GM closes transmission plant in Windsor, ending 90 years in city

WINDSOR, Ont. — It’s the end of the line for General Motors in Windsor, Ont., but Mayor Eddie Francis says he’s confident the city will rebound.

WINDSOR, Ont. — It’s the end of the line for General Motors in Windsor, Ont., but Mayor Eddie Francis says he’s confident the city will rebound.

Employees reported for work at the GM transmission plant in the southwestern Ontario city for the last time Wednesday.

The plant — which built transmissions for the Pontiac G5 and Chevy Cobalt — is hitting the off switch, ending 90 years in Windsor for GM.

Francis says this kind of closure is always a sobering time, and city officials are “deeply concerned” about the 500 workers whose jobs are disappearing.

He said the city would continue programs of diversification, and support efforts to retrain and re-employ GM workers.

“With characteristic Windsor optimism, we look forward to the promise of new opportunities,” Francis said in a statement.

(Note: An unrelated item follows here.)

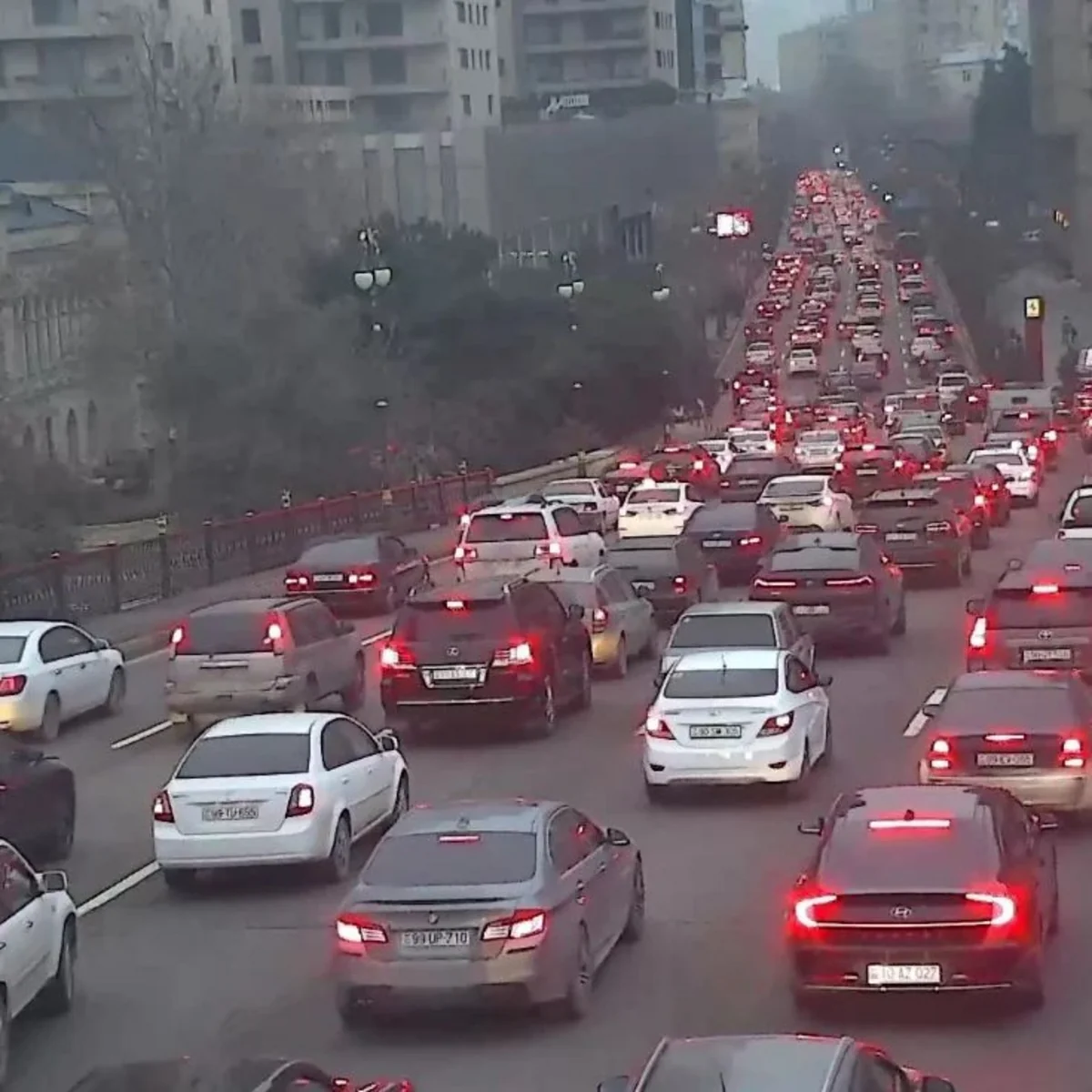 Bakının bir sıra yollarında sıxlıq müşahidə edilir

“We regard today’s departure of GM as a transition rather than an ending.”

“We know we can rely on the resilience of our people and their determination to succeed, whatever the circumstances.”

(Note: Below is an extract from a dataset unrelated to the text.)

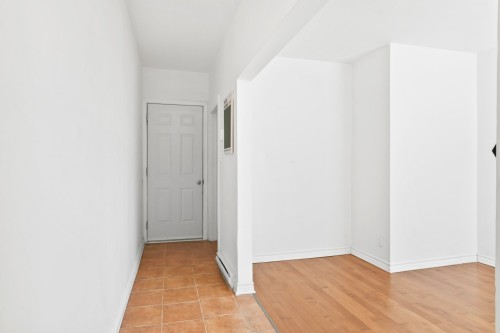 Hall d'entrée/Vestibule - 1-7062 Rue St-Denis, Montréal (Rosemont/La Petite-Patrie), QC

Dan Garneau, the plant’s senior human resources administrator, calls it the end of an era and a loss for the community, the workers and for charities that GM has supported.

“After today, there will be no more GM in Windsor and that’s an unfortunate situation,” Garneau said.

“But it’s the reality of the auto industry in North America, so we have got to really just go on with our lives.”

The first GM investment in Windsor was a body plant in 1919 and operations grew over the years to create billions of dollars in investments and thousands of jobs in what Francis called Canada’s Motor City.

The company once employed more than 7,000 workers in Windsor.

“In war and in peacetime, General Motors of Canada, with its various operations in Windsor, has been an integral and invaluable part of our city’s life,” Francis said.

Canadian Auto Workers Local 1973 president Bill Reeves went through the plant Tuesday and said the closing is going to be tough on the 500 workers.

Reeves said employees knew in May 2008 that GM would be closing the plant, but knowing that doesn’t make it any easier.

The company still has Canadian facilities in Oshawa, Ingersoll and St. Catharines, Ont.

The federal and Ontario governments invested a total of $10.5 billion in GM Canada in 2009 as the automaker struggled to survive the economic downturn.